Once a person has been found to be lead poisoned, isotopic fingerprinting is an invaluable tool in identifying the mine source and to an extent the pathways of the lead exposure. See for example "Report on Lead Isotopic Analyses of Samples Associated with the Esperance Lead Investigation" by Access Macquarie Limited: Professor Brian Gulson & Michael Korsch, CSIRO Division of Petroleum Resources, at www.health.wa.gov.au/envirohealth/home/docs/Draft_DoH_report_22_5_07_de-identified.pdf

Contact (now retired) Professor Brian Gulson, Professorial Fellow, Graduate School of the Environment, Lead Working Committee of the NHMRC (2008), Head of The LEAD Group's Technical Advisory Board, PH 0298507983.
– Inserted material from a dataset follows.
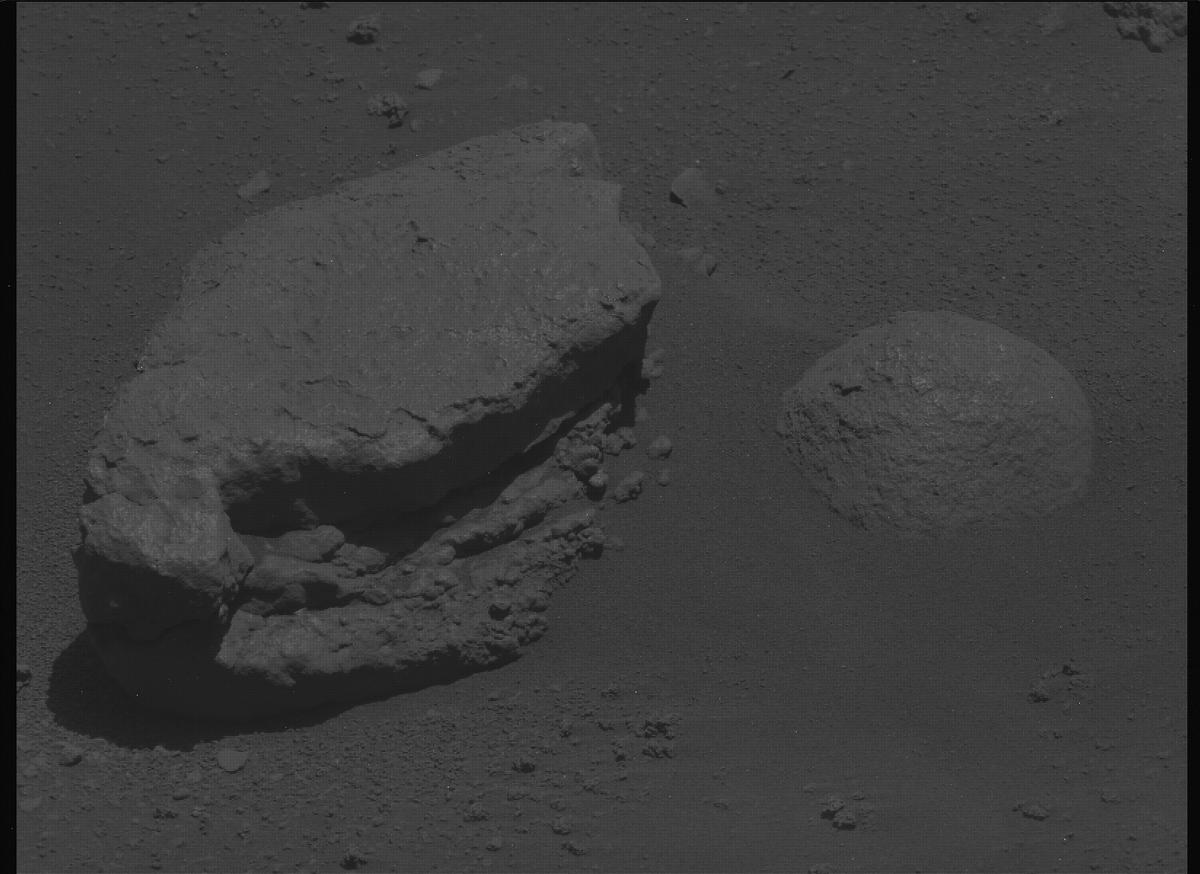 This image was taken by MCZ_LEFT onboard NASA's Mars rover Perseverance on Sol 789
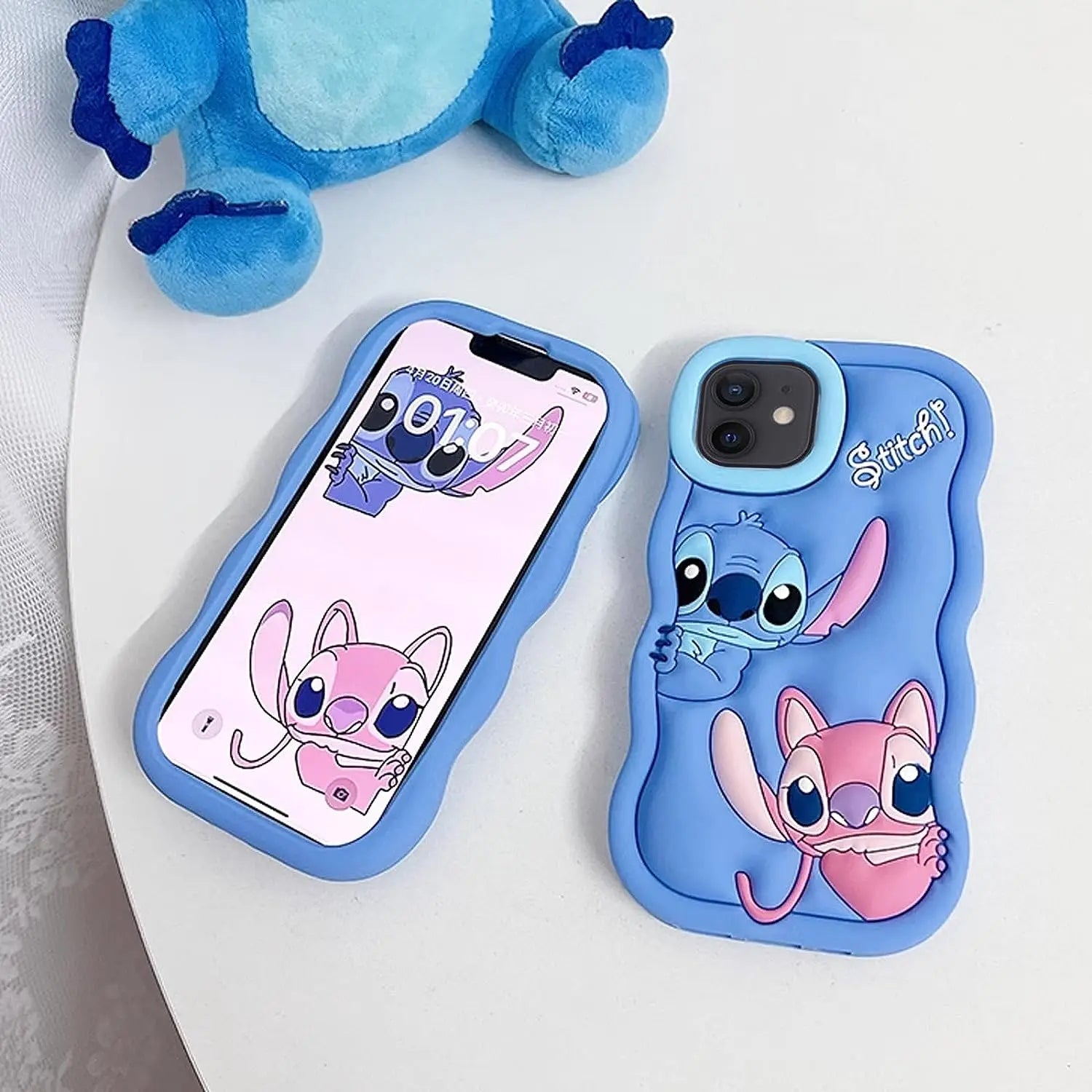 Snug & Stylish: IPhone Silicone Hug Case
Fifthly, if there is a current blood lead level above 2 micrograms per decilitre, or any elevated heavy metal level in hair, nails, teeth, urine or blood, The LEAD Group sells a heavy metal test kit which involves the client or their health practitioner or knowledgeable public health officer sampling any of a range of sample types in the home or relevant hobby or workplace, eg soil, dust wipes, drinking water, paint, jewellery, ceramicware, toy paint, etc, and sending the samples to a lab for analysis of the specific heavy metal/s you are concerned about. The 8 sample Comprehensive kit costs $250 for testing just one heavy metal in each of the 8 samples. You can see some Rosebery-specific info about our Heavy Metal Test Kits web-published at
http://tasmaniantimes.com/images/uploads/LEAD3(3).pdf - but that info needs to be re-written for any Australian and because the kit is actually adaptable to being used to test any one (or more than one) heavy metal, as you require. And for that situation (eg requesting the lab test arsenic instead of lead) the kits are actually the same prices as noted at https://lead.org.au/fs/DIY_sampling_lead_analysis_kits_flyer_20111214.pdf

The addition of the second (or third metal) to be tested for each sample, adds $9 to the total price of the kit. And as mentioned on the Tasmanian Times website, there's a discount for bulk testing, such that if you want all 8 samples in the Comprehensive kit tested for five metals, the price is $450, and for both samples in the Basic kit to be tested for five metals, the price is $172 (compared to $100 for testing for only one metal and $9 for each additional metal, per sample).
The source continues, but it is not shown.